In May 2000, the boy’s level was four micrograms of lead per deciliter of blood. In December, his level rose to 29 micrograms. I am a parent of three small children and, as a defense attorney, have defended lead paint cases in Maryland. If my child had a lead level of 29, I would absolutely freak out. In this case, thank God, as quickly as the level rose, it fell. By December 28 the young boy’s level was 19. It fell to 12.6 in February and then down to 8.6 in March.
The Plaintiff’s lead paint lawyer conceded that the boy was doing well. Apparently, he was doing great in school and he tested in the 97th percentile for reading, but there is no question that lead harms children. Should the fact that the child is doing well be a defense? We know lead paint harms children and we know this child, while doing great now, had cognitive delays. Would he be in the 99th percentile but for the lead? So I think the jury’s verdict was probably very reasonable (although you would have to be on the jury to really render an opinion).
The lawyer who defended this lead paint case, John H. Doud, III, a solo practitioner representing the uninsured landlord in the case, made what I think was an awful comment after the verdict. Mr. Doud said the verdict sends the wrong message to landlords. He said the message is that “when your first tenant sues you, I would get into another business.”
This is not the take-home message from this case. There is not strict liability in lead paint cases. This little boy could only recover if his lawyer proved that the landlord had actual or constructive knowledge of the problem and did nothing to solve it. In other words, the landlord has to know that his property could cause brain damage to children and still not bother to fix the problem.
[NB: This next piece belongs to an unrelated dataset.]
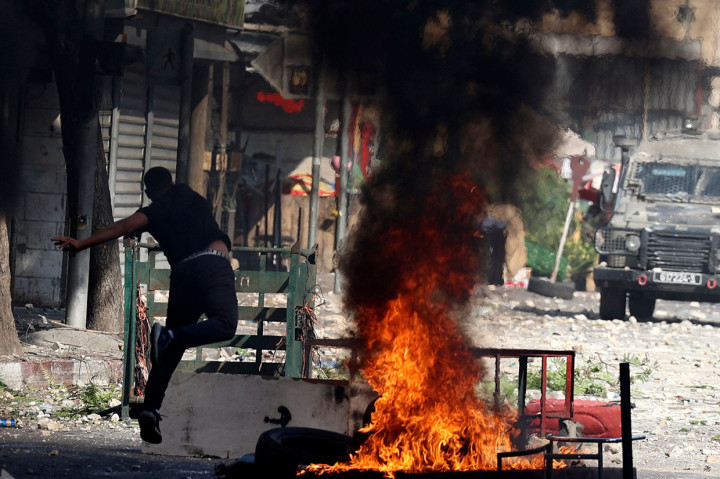 Pengunjuk rasa Palestina melemparkan batu ke kendaraan pasukan keamanan Israel selama serangan di kota tua Nablus, di Tepi Barat yang diduduki, pada 9 Agustus 2022.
This burden in lead paint cases is more stringent than general negligence claims. So, that is not the lesson to landlords about lead paint that should come from this case. Instead, the lesson is if you are going to be cavalier about exposing children to lead paint that is known to cause brain injury, you do so at your own peril. The landlord should pay the verdict and thank his lucky stars that Maryland makes obtaining punitive damages so unreasonably difficult.